• _Information provided_:
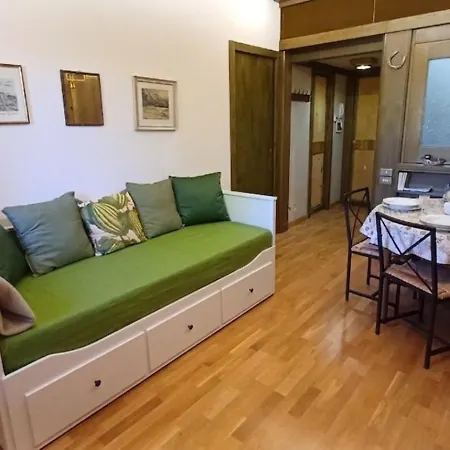 Il Nido Di Kora * Pescasseroli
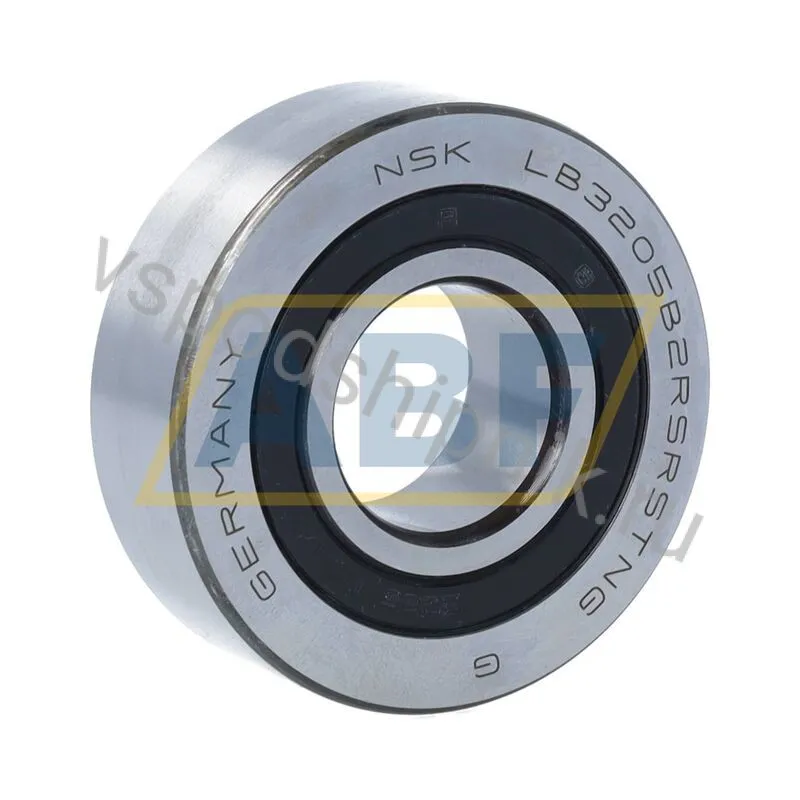 Ролик LB3205B-2RSRSTNG YRLN5 NSK 360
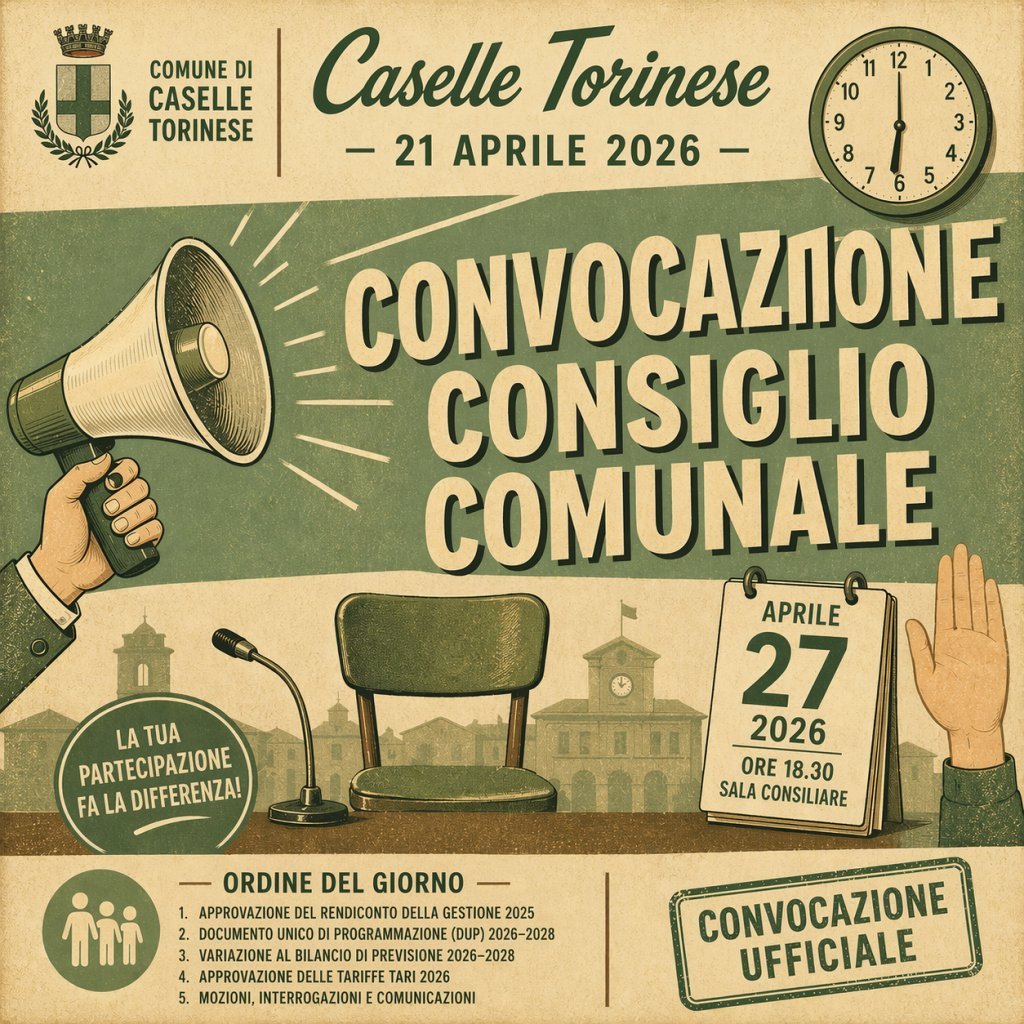 Convocazione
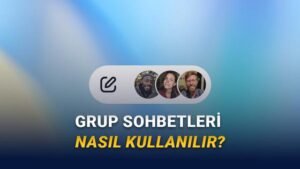 ChatGPT Grup Sohbetleri: Çoklu Katılımla Akıllı Tartışmalar için Yeni Özellik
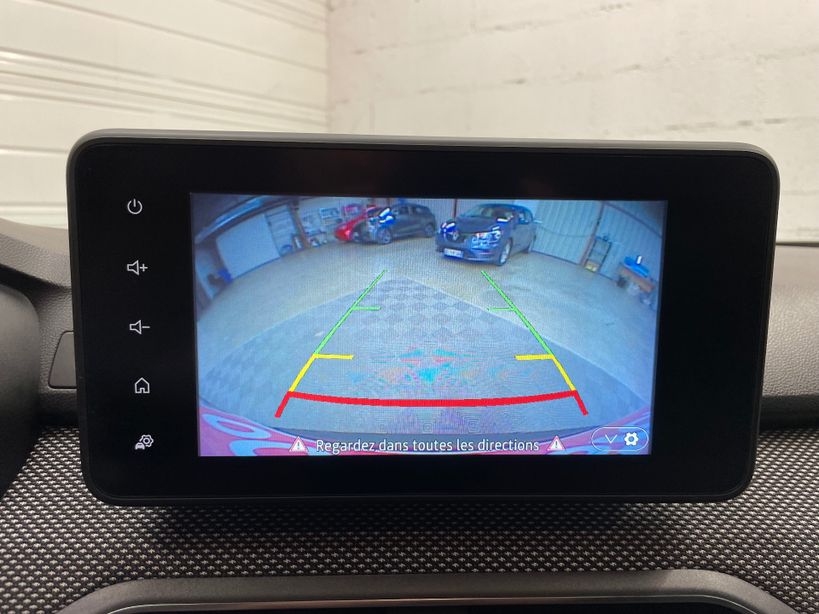 DACIA JOGGER 2022 - Photo n°28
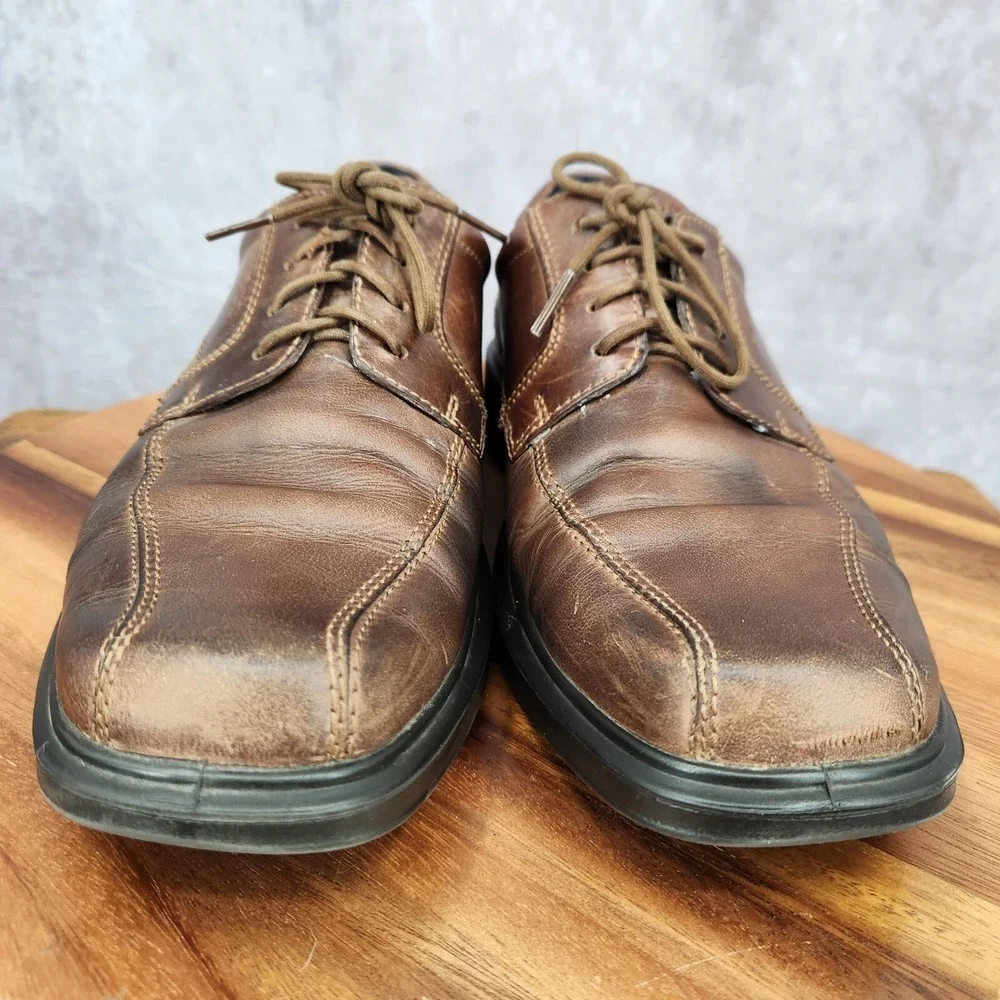 Ecco helsinki oxford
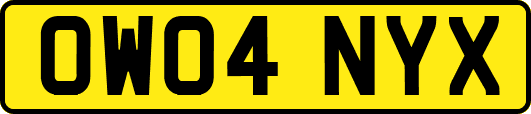 OW04NYX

• _What you have to do_: When copying the entries above, keep each word as it is and exclude any image.

• _Answer below_:
 Il Nido Di Kora * Pescasseroli
 Ролик LB3205B-2RSRSTNG YRLN5 NSK 360
 Convocazione
 ChatGPT Grup Sohbetleri: Çoklu Katılımla Akıllı Tartışmalar için Yeni Özellik
 DACIA JOGGER 2022 - Photo n°28
 Ecco helsinki oxford
 OW04NYX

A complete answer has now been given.